In most cases, the two basic types of partial seizures are easy to differentiate.
The signs or symptoms of simple partial seizures depend on the location of the seizure focus. Seizures involving the motor cortex usually are not difficult to diagnose. They commonly consist of rhythmic or semi-rhythmic clonic activity of the face, arm, or leg.
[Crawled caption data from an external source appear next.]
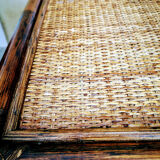Rattan side table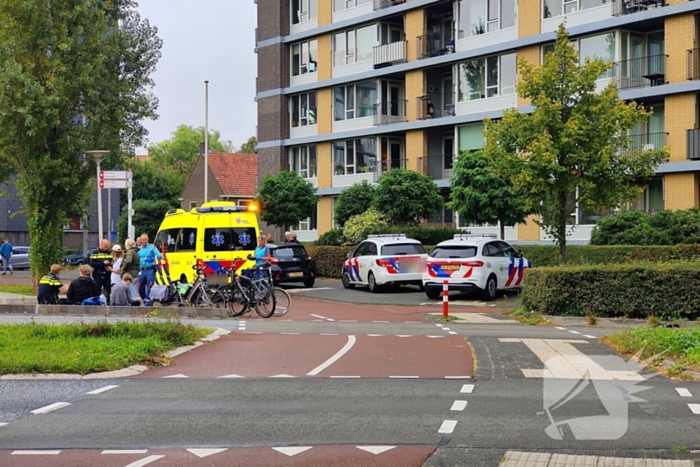 Overstekend fietser aangereden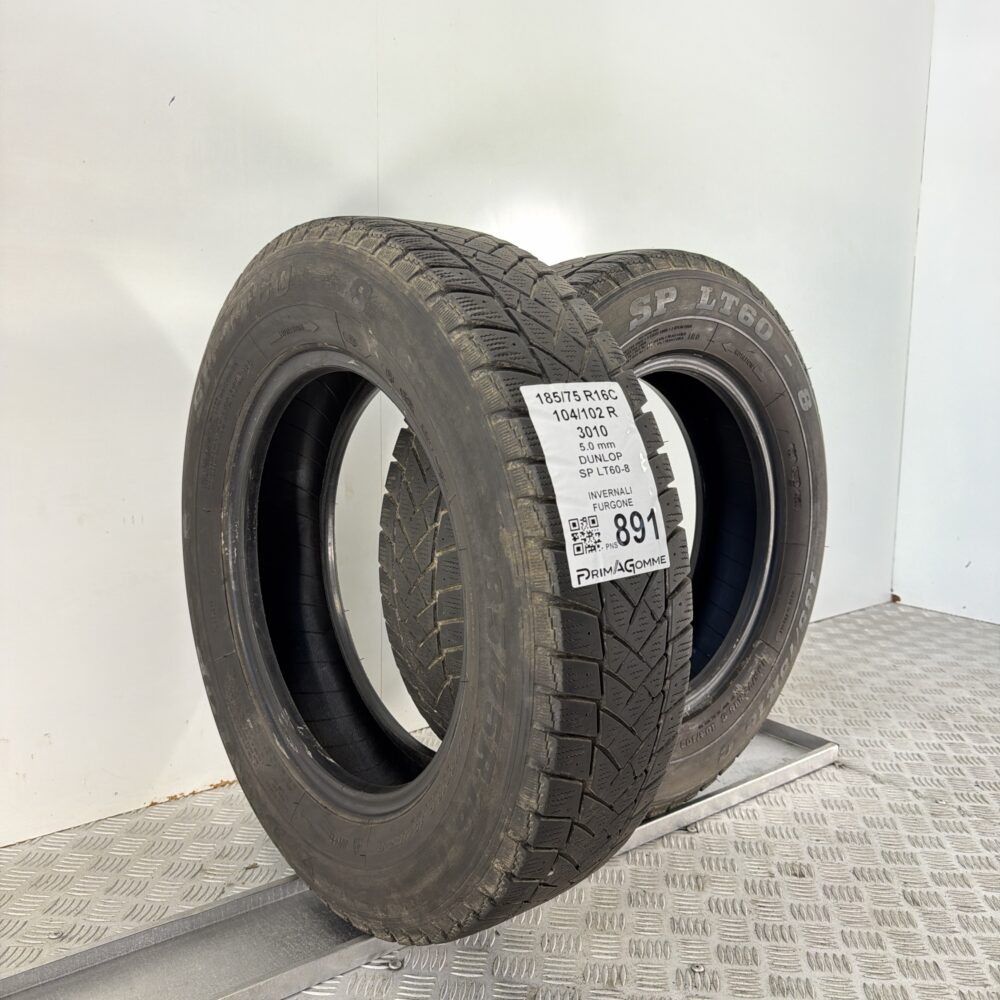 Pneumatici Usati 185 75 R16C 104/102R Dunlop SP LT60-8 71% Estive | Gomme Usate | PrimaGomme.it Pneumatici Usati 185 75 R16C 104/102R Dunlop SP LT60-8 71% Estive - immagine 4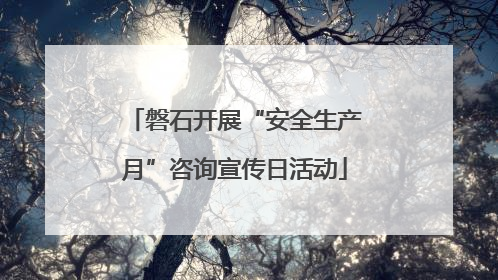 磐石开展“安全生产月”咨询宣传日活动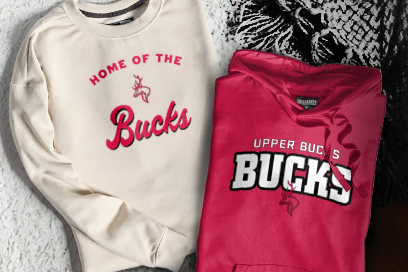 UPPER BUCKS CHRISTIAN SCHOOL BUCKS Sweatshirts (Option 3) Banner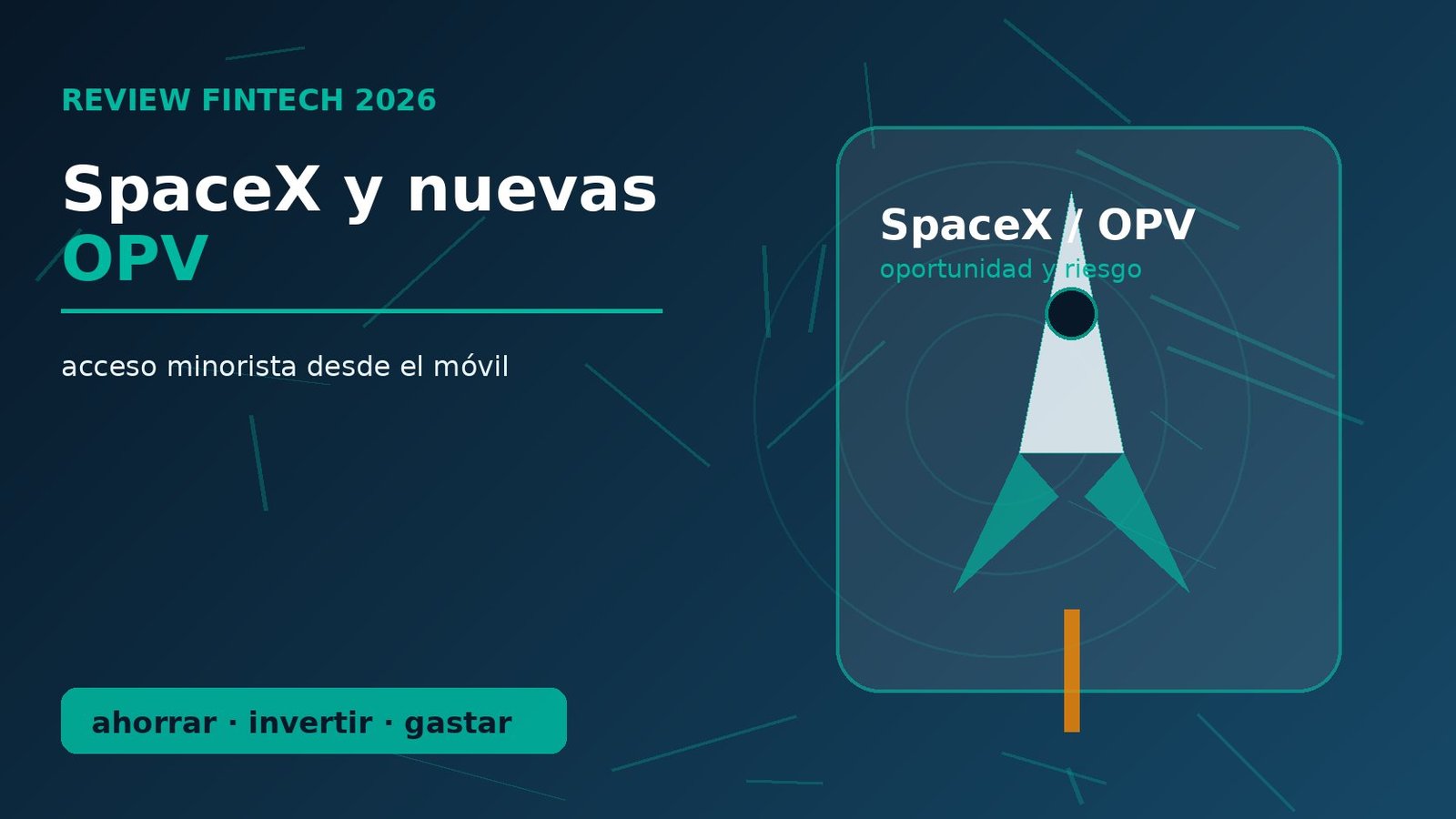 SpaceX y nuevas OPV en Trade Republic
Seizures with somatosensory, autonomic, and psychic symptoms (hallucinations, illusions, déja vu) may be more difficult to diagnose. Psychic symptoms more often are a component of a complex partial seizure.
Complex partial seizures (CPS) are one of the most common seizure types encountered in both children and adults.
By definition, all patients with CPS have impaired consciousness. The patient either does not respond to commands or responds in an abnormally slow manner. Simple staring and impaired responsiveness alone may characterize a CPS, but usually behavior during the seizure is more complex. Automatisms (involuntary motor activity) are common during the period of impaired consciousness. This behavior is quite variable. Common activities include:
The patient does not recall this activity after the seizure.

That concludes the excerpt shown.